Why do you use faked titles, bylines, etc., on premade covers instead of the more common “your title” and “your name” seen on other similar sites?
A good question, and the answer is related to design, much as that may not make sense at first. There are limits where text is concerned, but textual content for your cover is not just information. Its presentation serves more where customer (reader) first impression is concerned.
Authors seldom have a say in this when working with a professional publisher. When you work with NDAS, you have the final say, though we will advise you. Many thoughts and claims on this topic (by authors and cover designers) are false in the age of the ebook.
There is an obsession with text being readable even when presented as a very very small image in an online store. That would be optimal if there were no other way to identify the presented product. This false and blanket assumption has led to very poor textual design choices and thereby text is the only aspect of a cover notable in a small image. And that text is redundant.
In almost all cases, the image is accompanied with textual information presented outside of the cover. The cover as whole, particularly imagery, is what grabs readers when title/author are plainly listed otherwise. Cover text must fit the whole cover and not leave imagery as an afterthought.
Of course text should be readable when on a print cover or presented inside an ereader/tablet. Additionally, the font/face should be suitable not just to the book or even genre of premise. The works content—tone, mood, ambiance, etc.—should also matter. The font and textual content should be interesting as part of the cover, at least in some small way, and not as singular purpose of the cover.

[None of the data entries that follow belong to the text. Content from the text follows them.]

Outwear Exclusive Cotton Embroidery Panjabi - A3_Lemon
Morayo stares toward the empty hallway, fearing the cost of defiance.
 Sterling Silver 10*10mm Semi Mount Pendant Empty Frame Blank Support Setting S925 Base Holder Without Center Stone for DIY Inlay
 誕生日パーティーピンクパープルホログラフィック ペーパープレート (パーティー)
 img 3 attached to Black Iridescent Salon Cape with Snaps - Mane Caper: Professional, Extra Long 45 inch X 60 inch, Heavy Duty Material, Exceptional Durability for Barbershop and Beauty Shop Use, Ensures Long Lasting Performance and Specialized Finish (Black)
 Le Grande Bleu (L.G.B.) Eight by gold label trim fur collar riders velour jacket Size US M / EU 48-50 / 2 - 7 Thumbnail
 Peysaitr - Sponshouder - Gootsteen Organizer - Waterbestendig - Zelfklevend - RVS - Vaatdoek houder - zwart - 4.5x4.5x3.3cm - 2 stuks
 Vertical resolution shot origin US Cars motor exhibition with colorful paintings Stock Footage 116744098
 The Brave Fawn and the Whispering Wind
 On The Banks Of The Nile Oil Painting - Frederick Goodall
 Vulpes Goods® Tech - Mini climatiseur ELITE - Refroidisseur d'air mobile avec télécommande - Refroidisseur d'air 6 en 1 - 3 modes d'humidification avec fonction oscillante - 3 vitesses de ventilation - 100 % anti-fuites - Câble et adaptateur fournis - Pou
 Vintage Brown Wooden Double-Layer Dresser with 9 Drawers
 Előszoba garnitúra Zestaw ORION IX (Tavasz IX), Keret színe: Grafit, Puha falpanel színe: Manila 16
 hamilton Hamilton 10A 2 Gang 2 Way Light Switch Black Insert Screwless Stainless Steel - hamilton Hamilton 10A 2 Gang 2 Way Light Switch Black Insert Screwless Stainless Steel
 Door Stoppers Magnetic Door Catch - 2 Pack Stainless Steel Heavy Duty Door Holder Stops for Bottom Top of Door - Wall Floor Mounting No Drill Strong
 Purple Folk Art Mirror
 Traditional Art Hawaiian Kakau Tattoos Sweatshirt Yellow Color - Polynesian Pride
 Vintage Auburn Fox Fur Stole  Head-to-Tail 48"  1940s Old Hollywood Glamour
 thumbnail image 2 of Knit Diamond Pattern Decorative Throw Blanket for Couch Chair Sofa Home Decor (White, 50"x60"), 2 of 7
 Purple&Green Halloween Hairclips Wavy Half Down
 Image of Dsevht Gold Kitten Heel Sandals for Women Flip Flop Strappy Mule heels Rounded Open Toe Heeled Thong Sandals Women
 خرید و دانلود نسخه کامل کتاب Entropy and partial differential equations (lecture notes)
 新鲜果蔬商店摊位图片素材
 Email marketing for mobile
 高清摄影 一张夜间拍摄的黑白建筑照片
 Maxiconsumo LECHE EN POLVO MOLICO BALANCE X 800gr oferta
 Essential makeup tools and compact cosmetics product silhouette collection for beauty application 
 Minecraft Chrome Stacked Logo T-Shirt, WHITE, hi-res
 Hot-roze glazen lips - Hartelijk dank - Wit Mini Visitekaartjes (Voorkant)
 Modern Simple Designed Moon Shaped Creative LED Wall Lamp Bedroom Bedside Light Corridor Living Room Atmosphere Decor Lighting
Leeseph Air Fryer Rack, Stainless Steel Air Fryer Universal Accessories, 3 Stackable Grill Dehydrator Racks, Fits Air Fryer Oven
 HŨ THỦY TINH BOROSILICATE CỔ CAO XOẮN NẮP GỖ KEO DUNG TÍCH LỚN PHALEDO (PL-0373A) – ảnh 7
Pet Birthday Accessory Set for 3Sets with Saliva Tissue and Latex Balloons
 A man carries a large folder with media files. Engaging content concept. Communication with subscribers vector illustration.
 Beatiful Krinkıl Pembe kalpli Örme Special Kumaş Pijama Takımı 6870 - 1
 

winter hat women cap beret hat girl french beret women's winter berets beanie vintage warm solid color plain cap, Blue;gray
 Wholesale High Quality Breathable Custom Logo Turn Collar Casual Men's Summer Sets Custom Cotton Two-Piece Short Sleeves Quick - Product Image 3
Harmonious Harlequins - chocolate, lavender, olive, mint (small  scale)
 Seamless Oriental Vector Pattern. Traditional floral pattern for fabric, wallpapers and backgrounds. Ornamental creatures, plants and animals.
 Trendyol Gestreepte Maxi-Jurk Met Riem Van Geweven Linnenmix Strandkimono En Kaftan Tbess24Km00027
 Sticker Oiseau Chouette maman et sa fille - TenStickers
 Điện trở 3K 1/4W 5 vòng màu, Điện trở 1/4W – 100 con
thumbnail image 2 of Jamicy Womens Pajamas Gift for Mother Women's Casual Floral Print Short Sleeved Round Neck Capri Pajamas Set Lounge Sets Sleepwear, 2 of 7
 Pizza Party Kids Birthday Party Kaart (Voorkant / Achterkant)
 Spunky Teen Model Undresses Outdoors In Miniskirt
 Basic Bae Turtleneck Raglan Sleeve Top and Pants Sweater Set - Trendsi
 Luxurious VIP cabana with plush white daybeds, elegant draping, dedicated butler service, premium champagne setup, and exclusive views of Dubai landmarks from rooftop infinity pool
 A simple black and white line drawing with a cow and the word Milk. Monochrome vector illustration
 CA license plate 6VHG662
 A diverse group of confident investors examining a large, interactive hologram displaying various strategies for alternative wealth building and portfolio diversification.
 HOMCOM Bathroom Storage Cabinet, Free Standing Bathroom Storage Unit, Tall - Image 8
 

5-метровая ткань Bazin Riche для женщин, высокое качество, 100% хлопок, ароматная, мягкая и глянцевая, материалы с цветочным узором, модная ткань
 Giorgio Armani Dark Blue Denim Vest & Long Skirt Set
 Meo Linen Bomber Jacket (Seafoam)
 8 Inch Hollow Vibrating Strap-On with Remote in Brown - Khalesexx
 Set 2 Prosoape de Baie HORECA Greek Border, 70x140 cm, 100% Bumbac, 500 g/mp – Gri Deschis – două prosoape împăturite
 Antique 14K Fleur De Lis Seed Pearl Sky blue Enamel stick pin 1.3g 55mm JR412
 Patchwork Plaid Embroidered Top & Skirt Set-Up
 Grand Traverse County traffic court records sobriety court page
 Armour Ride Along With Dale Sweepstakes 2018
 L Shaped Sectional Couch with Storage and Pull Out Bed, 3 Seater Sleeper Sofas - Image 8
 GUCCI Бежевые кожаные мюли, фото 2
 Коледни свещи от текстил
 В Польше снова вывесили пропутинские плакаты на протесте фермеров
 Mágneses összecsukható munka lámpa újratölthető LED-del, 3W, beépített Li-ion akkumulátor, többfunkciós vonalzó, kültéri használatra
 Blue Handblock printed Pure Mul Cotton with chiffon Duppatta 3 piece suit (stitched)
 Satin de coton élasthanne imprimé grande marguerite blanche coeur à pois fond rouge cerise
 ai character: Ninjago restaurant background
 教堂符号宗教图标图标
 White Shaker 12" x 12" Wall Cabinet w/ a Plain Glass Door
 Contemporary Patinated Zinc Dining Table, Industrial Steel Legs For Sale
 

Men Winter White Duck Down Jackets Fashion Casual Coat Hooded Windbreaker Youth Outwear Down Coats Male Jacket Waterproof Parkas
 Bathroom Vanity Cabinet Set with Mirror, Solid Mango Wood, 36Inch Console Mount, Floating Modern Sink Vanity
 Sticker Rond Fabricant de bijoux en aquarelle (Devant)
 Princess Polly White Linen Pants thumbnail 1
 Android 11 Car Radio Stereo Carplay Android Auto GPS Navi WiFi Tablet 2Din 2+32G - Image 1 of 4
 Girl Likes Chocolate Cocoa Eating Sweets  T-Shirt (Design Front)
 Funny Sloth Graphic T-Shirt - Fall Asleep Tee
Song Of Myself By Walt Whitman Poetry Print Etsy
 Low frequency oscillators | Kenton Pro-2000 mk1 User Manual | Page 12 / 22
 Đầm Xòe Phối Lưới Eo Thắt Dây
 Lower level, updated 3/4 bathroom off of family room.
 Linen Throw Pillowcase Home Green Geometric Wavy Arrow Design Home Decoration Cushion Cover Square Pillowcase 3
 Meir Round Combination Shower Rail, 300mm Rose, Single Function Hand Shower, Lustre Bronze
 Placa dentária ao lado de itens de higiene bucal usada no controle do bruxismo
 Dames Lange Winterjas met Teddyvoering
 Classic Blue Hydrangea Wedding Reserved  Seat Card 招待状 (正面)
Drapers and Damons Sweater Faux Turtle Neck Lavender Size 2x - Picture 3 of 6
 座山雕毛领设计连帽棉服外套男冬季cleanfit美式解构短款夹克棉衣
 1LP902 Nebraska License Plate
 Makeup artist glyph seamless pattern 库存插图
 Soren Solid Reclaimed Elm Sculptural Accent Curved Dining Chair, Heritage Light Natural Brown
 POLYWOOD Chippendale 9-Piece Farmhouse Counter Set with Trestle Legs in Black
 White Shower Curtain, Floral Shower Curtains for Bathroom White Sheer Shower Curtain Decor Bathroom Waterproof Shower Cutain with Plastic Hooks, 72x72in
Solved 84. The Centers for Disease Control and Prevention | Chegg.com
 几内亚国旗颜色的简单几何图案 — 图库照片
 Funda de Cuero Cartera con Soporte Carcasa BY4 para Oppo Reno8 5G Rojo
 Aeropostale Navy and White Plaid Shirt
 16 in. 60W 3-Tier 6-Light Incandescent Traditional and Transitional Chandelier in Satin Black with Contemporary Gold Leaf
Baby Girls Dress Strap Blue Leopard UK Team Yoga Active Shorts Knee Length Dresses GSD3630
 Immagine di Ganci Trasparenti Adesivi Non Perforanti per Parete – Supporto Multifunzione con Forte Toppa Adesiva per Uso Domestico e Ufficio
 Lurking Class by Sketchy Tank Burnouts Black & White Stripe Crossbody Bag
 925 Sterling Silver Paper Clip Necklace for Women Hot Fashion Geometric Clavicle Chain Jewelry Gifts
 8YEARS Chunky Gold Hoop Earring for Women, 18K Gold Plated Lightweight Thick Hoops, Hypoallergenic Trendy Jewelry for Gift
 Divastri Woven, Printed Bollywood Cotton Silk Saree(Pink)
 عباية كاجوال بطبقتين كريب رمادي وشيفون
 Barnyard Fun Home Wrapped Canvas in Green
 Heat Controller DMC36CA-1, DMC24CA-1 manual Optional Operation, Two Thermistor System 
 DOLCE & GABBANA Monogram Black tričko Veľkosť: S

Most will think this has to do with top and/or bottom placement of title and/or byline. That is the default choice with most covers, though individual imagery may offer or require a different approach. Along with accommodating clarity of imagery, text positioning itself should attempt to work with the whole layout and not against it or purely for the sake of conformity. Think about this: so long as text is readable at an adequate size, on which covers have you stopped to look again at the arrangement of text?
Perhaps this may have happened for the wrong reasons or because of poor design. The result is the same (somewhat); you paused to look at one cover among others a second time. Text can sometimes be used as part of positioning of all visual elements, for it is visual as well as informational. To ignore this is to simply fade in on the shelf… or in an online shop’s catalog listing.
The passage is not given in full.